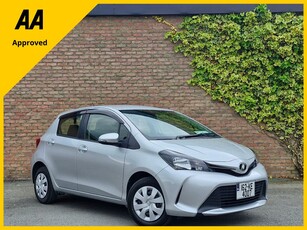 2016 (162) Toyota Yaris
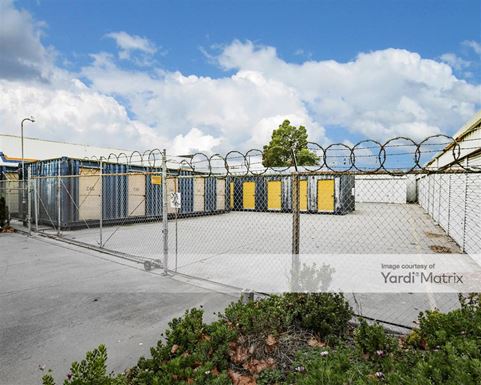 Source URL: https://cdnsc.rentcafe.com/dmslivecafe/3/1060494/1060494-1-4.jpg?width=-1&height=385&quality=80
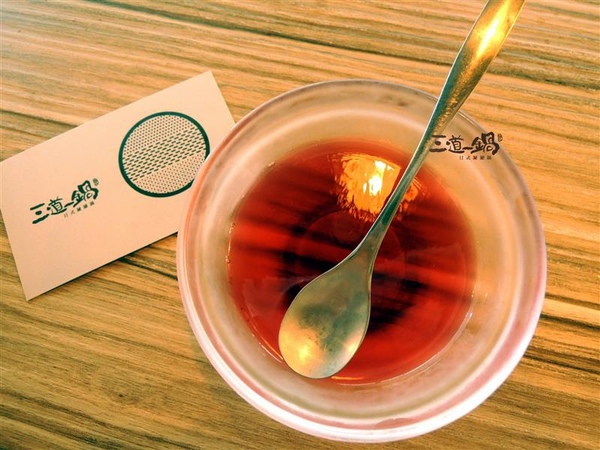 三道一鍋 杳 概念店： 東區火鍋 三道一鍋 杳概念店 日式涮涮鍋 商業午餐 火鍋雜炊必點 有包廂適合聚餐~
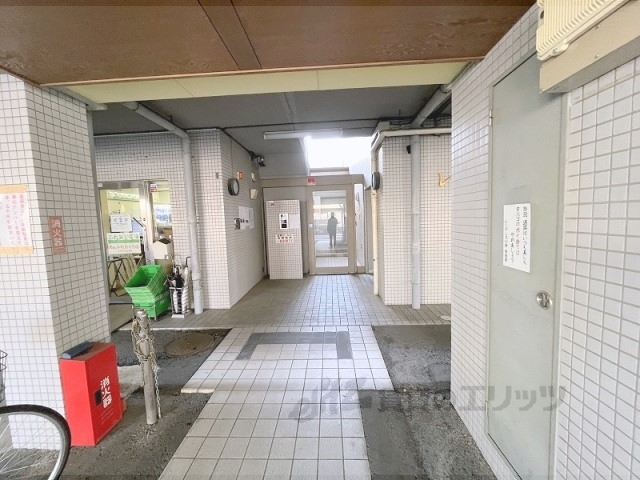 【宇治市小倉町のマンションのエントランス】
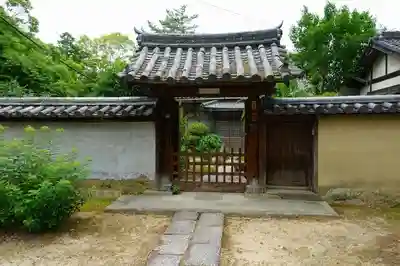 西大寺の山門・神門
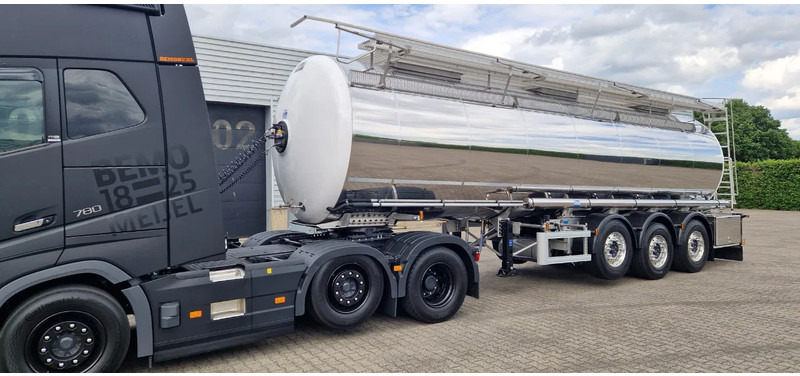 Magyar 32000 liter levensmiddelen tankoplegger NEW/NIEUW/NEU - Cisternový náves: obrázok 1 Magyar 32000 liter levensmiddelen tankoplegger NEW/NIEUW/NEU - Cisternový náves: obrázok 1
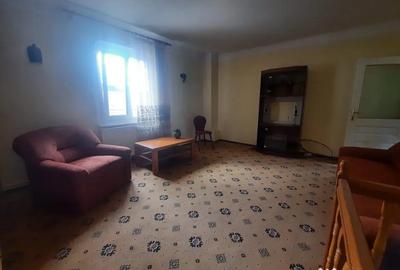 Casă cu 4 camere cu Teren 227 Mp în Poiana Țapului - 4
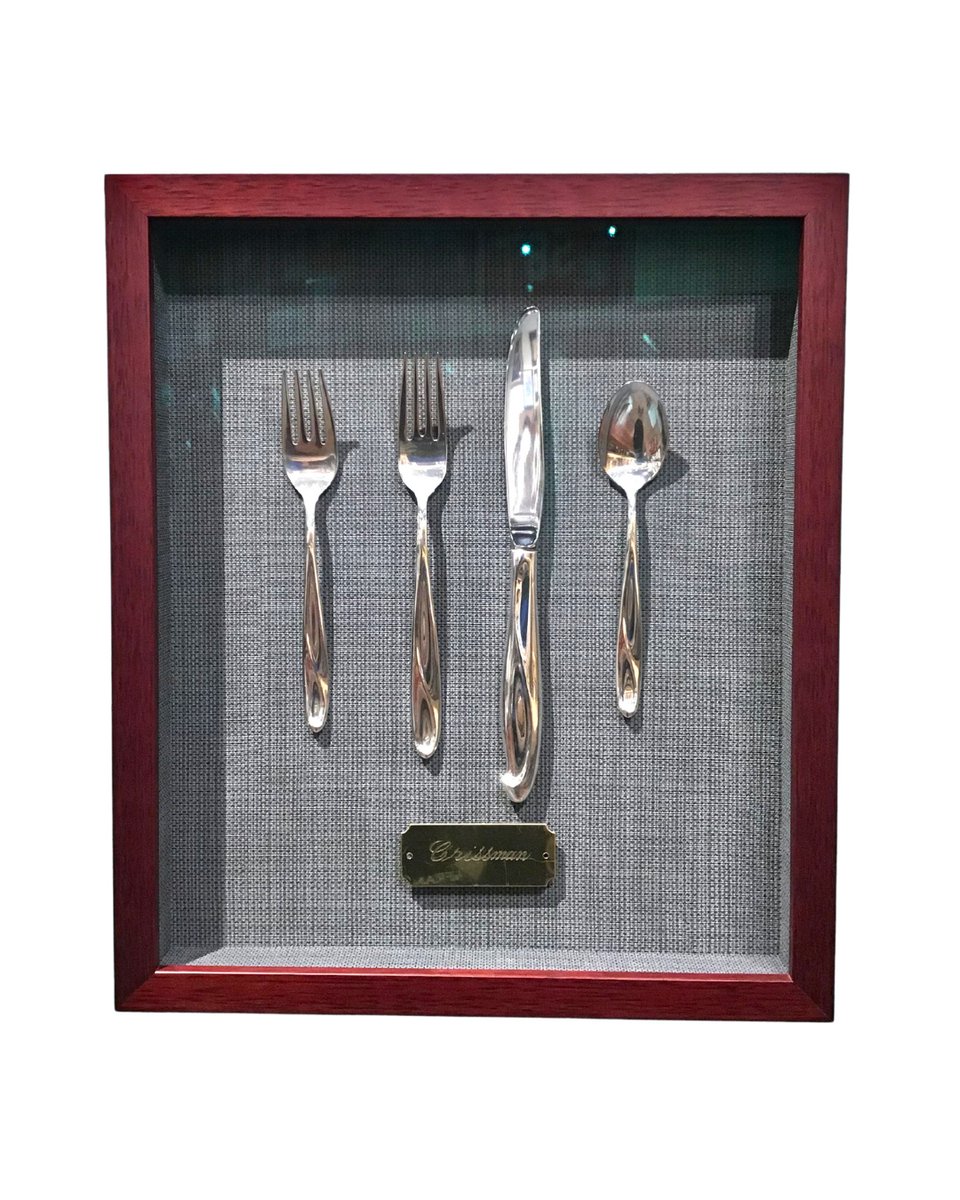 afwkc's tweet image. Cutlery can be art too, particularly if it's a special memento to its owner!

#decorationideas #creativeframes
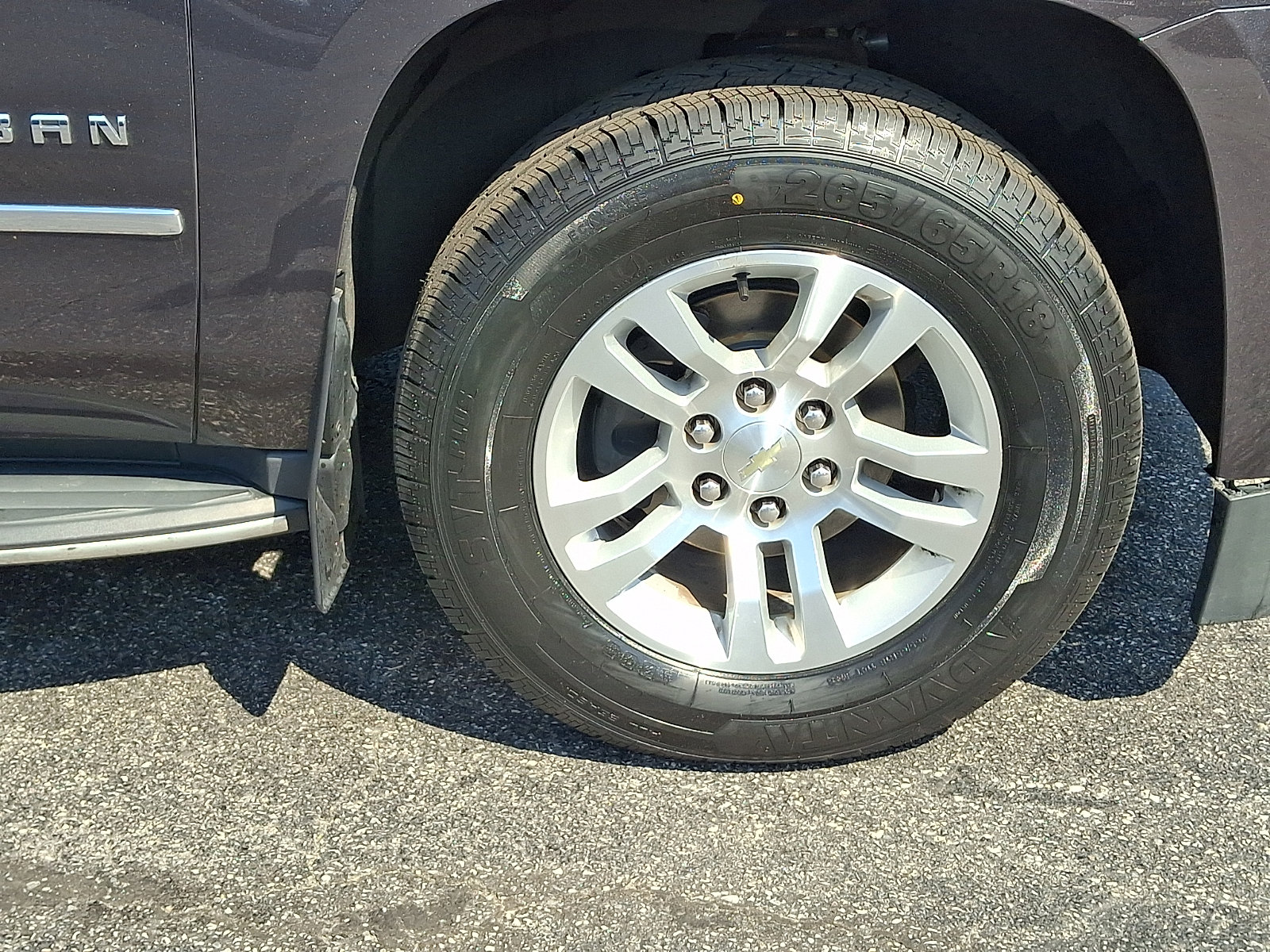 Used 2018 Chevrolet Suburban LS AWD/4WD image 8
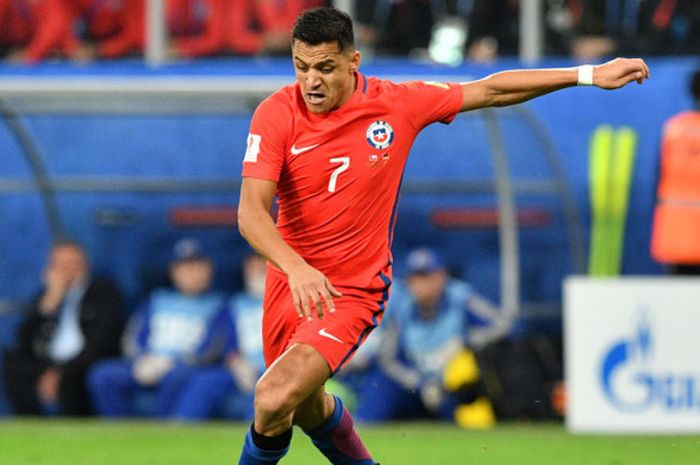 Alexis Sanchez saat bersiap untuk menendang bola dalam laga final Confederations Cup antara Cili dan Jerman di Saint Petersburg Stadium, 02 Juli 2017. 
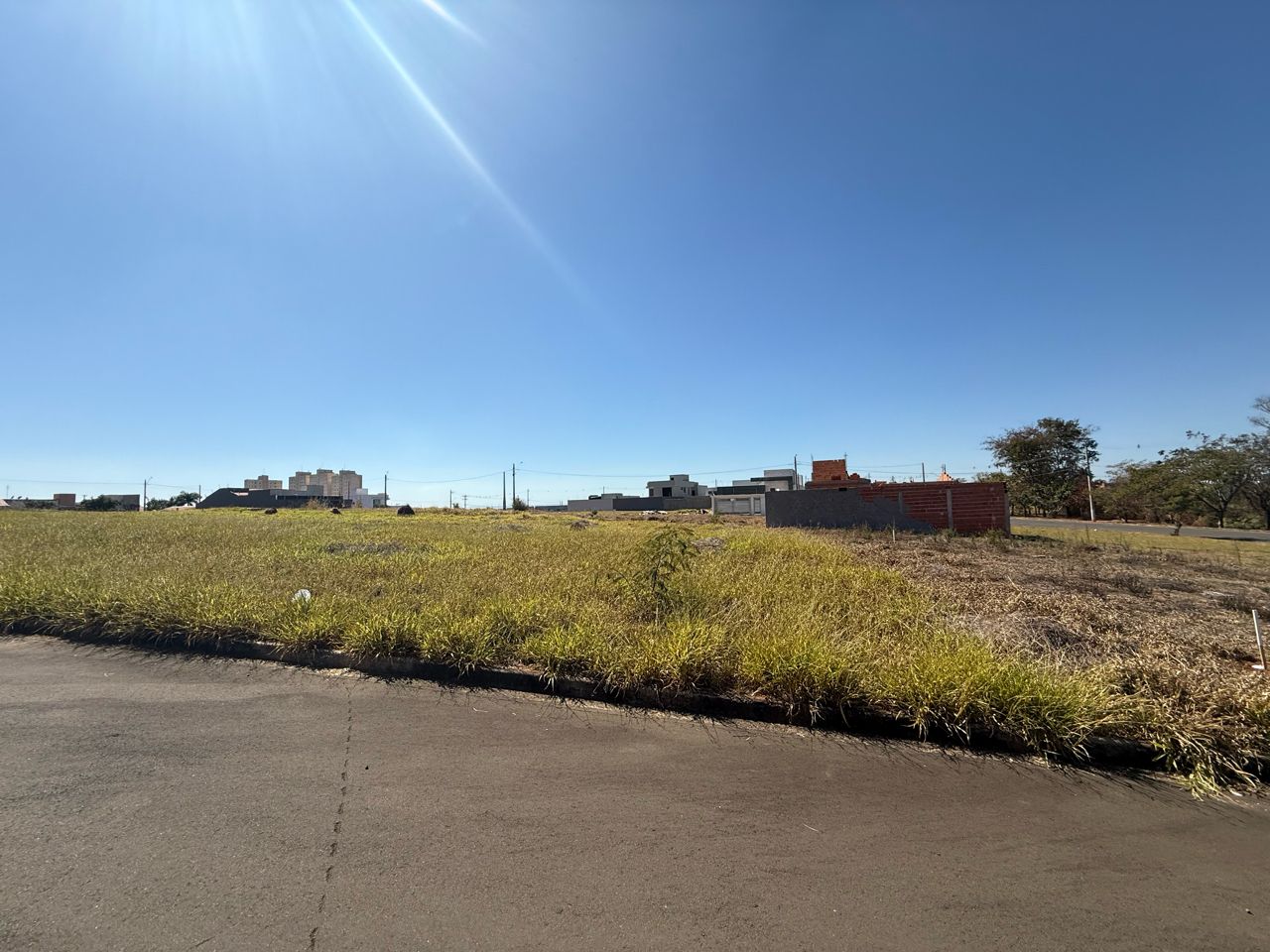 Terreno, 323 m² - Foto 1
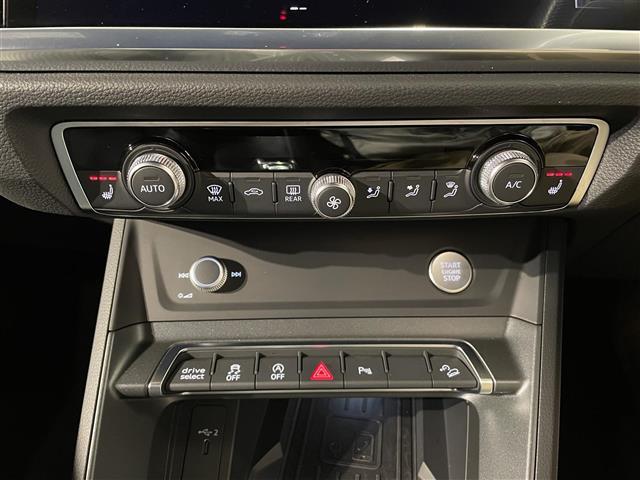 Ｑ３ ３５ＴＤＩクワトロ　Ｓライン　アンビエントライティング／Ａｕｄｉパーキングシステム／バーチャルコックピット／スマートフォンインターフェイス／サウンドビューカメラ／Ａｕｄｉホールドアシスト／ルームミラー自動防眩／ビルトインＥＴＣ（24枚目）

=====

:: INSTRUCTIONS FOR THE TASK ::
Leave the pictures out, and reproduce only the lines from the line holding "Terreno, 323 m² - Foto 1" through the last line of the material, both included.

:: ANSWER FOR THE TASK ::
 Terreno, 323 m² - Foto 1
 Ｑ３ ３５ＴＤＩクワトロ　Ｓライン　アンビエントライティング／Ａｕｄｉパーキングシステム／バーチャルコックピット／スマートフォンインターフェイス／サウンドビューカメラ／Ａｕｄｉホールドアシスト／ルームミラー自動防眩／ビルトインＥＴＣ（24枚目）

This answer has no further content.